The expression of MITF, a member of the MiT family of transcription factors and a master regulator of melanocytic differentiation, is often seen in clear cell sarcoma (CCS). However, neither the mechanism of MITF regulation in CCS nor its function were known. Now, David Fisher and colleagues show that the CCS fusion protein Ewing sarcoma breakpoint region 1 (EWS)–activating transcription factor 1 (ATF1) is oncogenic because it regulates MITF expression.

CCS is a soft-tissue malignancy that is molecularly defined by the EWSATF1 translocation. Despite being a sarcoma, CCS contains premelanosomes, expresses markers of melanocytic differentiation and, in some cases, produces melanin.

Fisher and colleagues investigated three human CCS lines that express the melanocyte-specific isoform of MITF (M-MITF). Immunoprecipitation using an EWS-selective antibody revealed that EWS–ATF1 occupied the M-MITF promoter in all three cell lines. So, does EWS–ATF1 regulate transcription of M-MITF? A reporter gene that directs luciferase expression from the M-MITF promoter was constitutively active in all three CCS cell lines. Furthermore, expression of dominant-negative EWS–ATF1 in CCS cells resulted in the selective inhibition of endogenous M-MITF expression. So, EWS–ATF1 is a necessary transactivator of the M-MITF promoter in CCS.

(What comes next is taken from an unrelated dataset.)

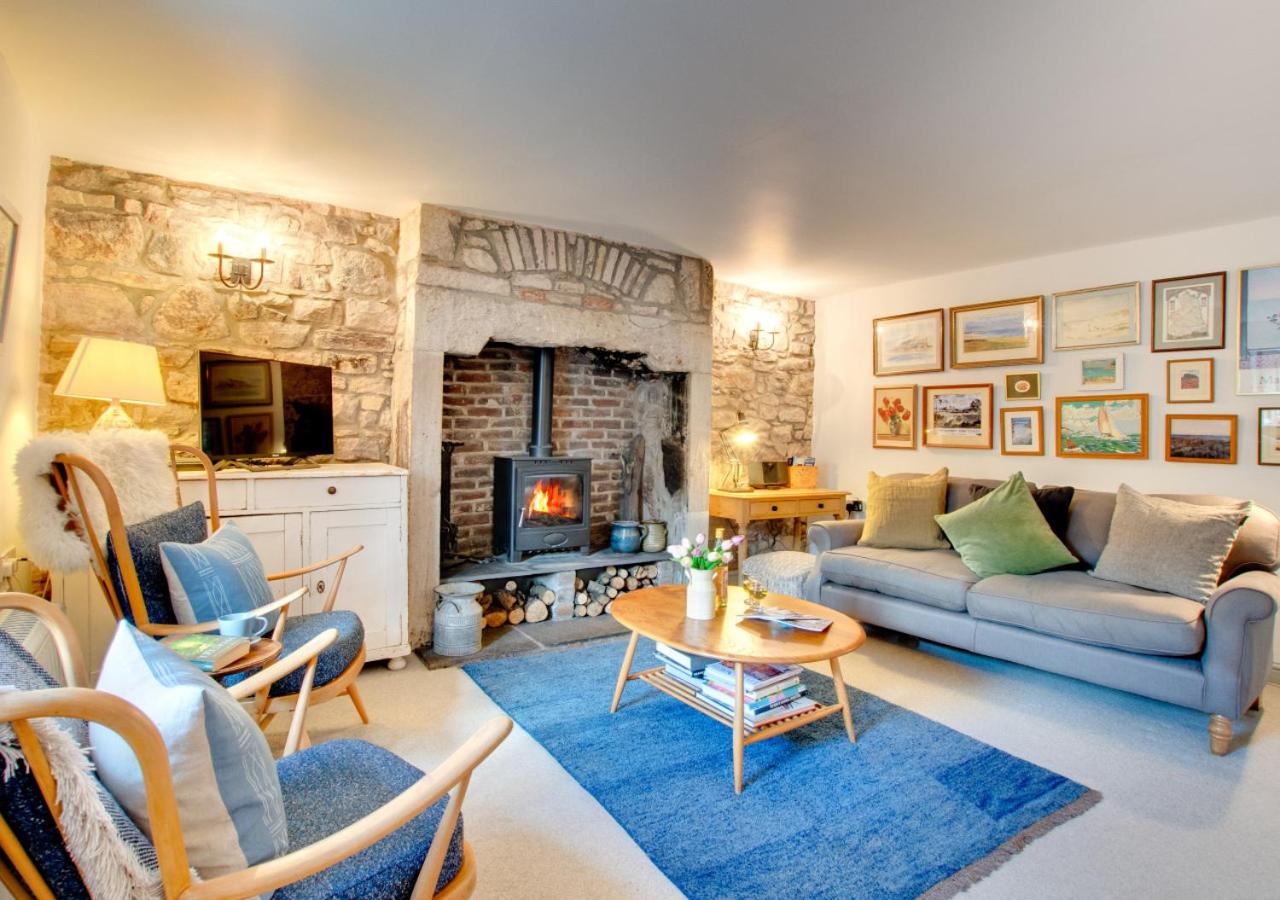 10 The Wynding - B&B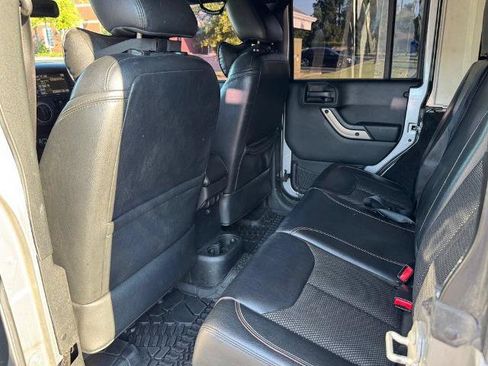 Used 2016 Jeep Wrangler Unlimited Sahara AWD/4WD image 12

But what is the role of EWS–ATF1-mediated M-MITF expression in CCS? Dominant-negative inhibition of EWS–ATF1 significantly reduced the expression of the M-MITF-target genes, PMEL17 (which encodes the HMB45 antigen used for the pathological identification of CCS) and MLANA (a melanocyte marker). Pigmentation was also diminished in EWS–ATF1-inhibited CCS cells, and this could be rescued by M-MITF expression. Together, these findings indicate that EWS–ATF1 functions through M-MITF to mediate the melanocytic differentiation that is characteristic of CCS. Moreover, M-MITF activity was demonstrated to be necessary for CCS cell survival and proliferation: the inhibition of either EWS–ATF1 or M-MITF abrogated CCS colony formation. Interestingly, the expression of MiT-family members TFEB or TFE3 — oncoproteins that are translocated in alveolar soft-part sarcomas and some papillary renal-cell carcinomas — rescued cell viability in M-MITF-inhibited CCS cells in a dose-dependent manner. This indicates that MiT family members can functionally replace each other.

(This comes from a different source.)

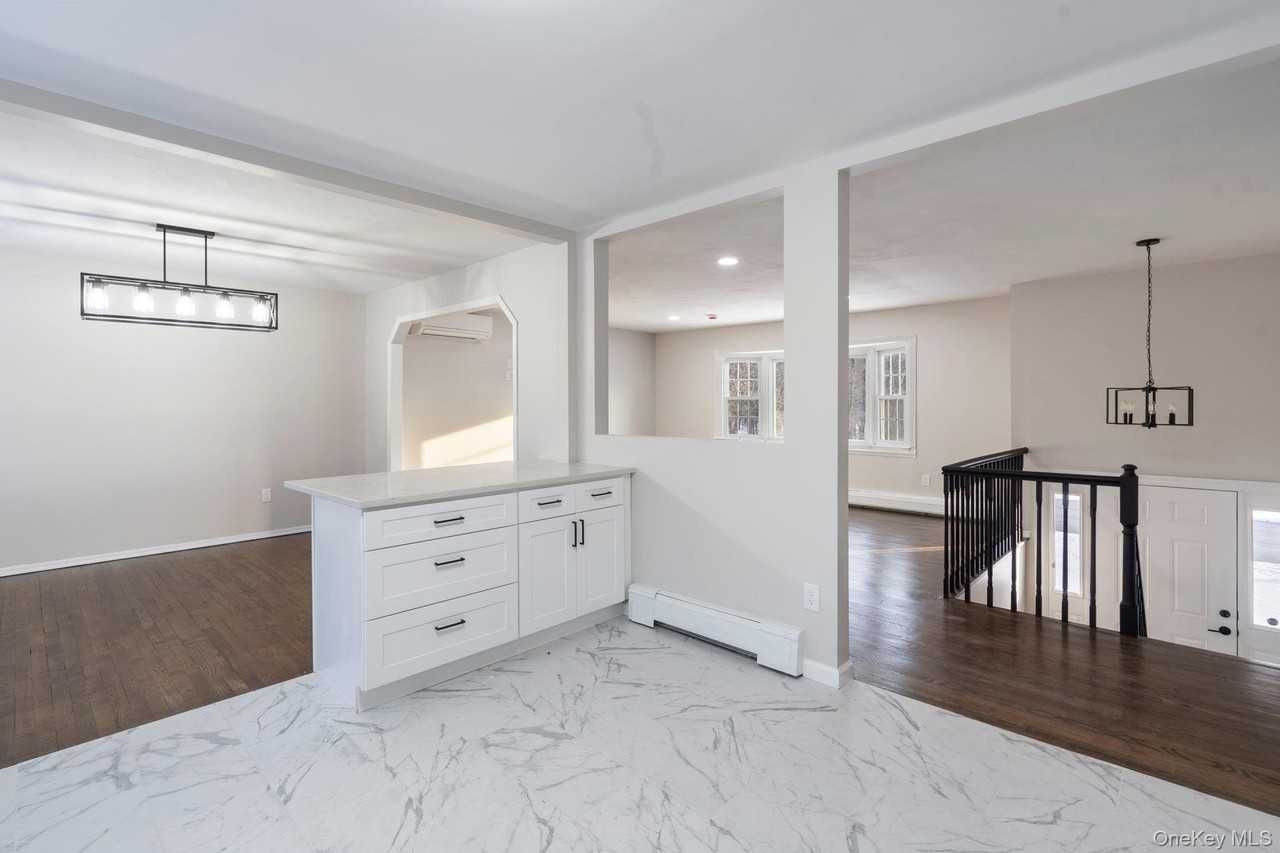 148 Chandler Ln - Photo 7 of 39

A xenograft model was used to study CCS tumour growth in vivo. RNA inhibition of EWS–ATF1 potently inhibited in vivo tumour growth, which could be rescued by co-expression of M-MITF. The authors conclude that in CCS, the EWS–ATF1 fusion protein functions by targeting M-MITF to promote tumour cell survival and proliferation.

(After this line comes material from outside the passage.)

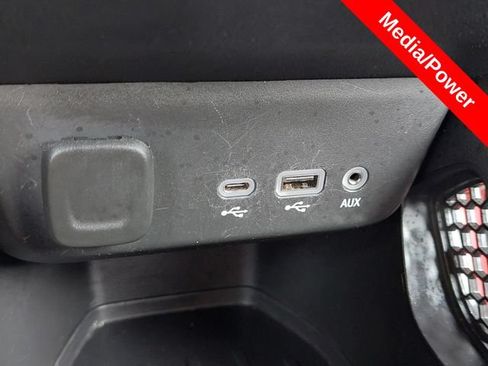 Used 2023 Chevrolet TrailBlazer RS AWD/4WD image 20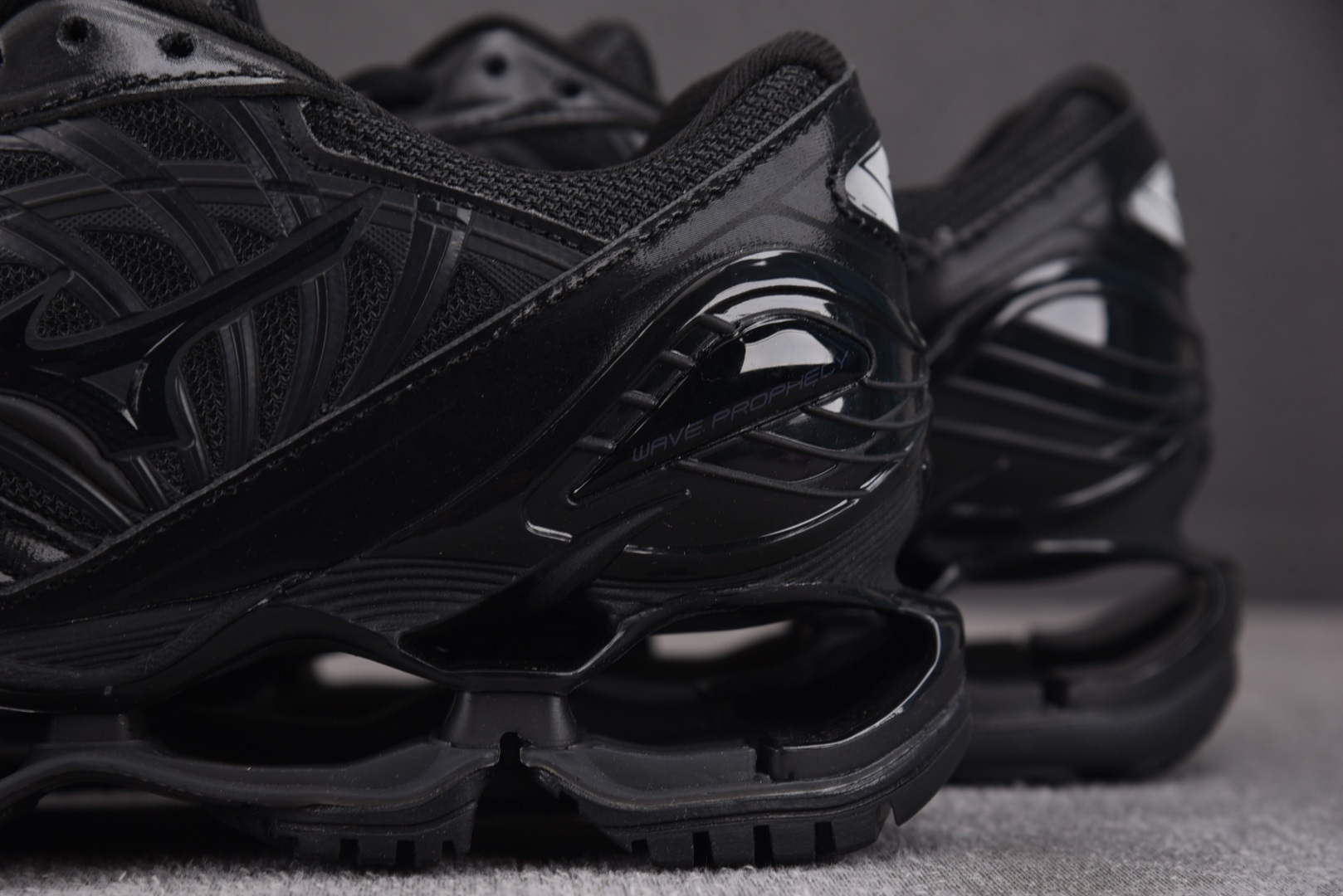 Mizuno Wave Prophecy LS 黑色 D1GA尺寸36-46YZ039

They propose that CCS could be grouped with melanoma, paediatric renal-cell carcinoma and alveolar soft-part sarcoma to form a family of MiT-associated human cancers, each showing distinct oncogenic deregulation of MiT-family genes. These 'MiT tumours' are clinically and morphologically distinct malignancies that would not otherwise be co-classified, but share characteristics of particular resistance to traditional chemotherapies and radiation therapy. The recognition of a common oncogene family in these seemingly diverse malignancies might aid the discovery of improved therapeutic approaches.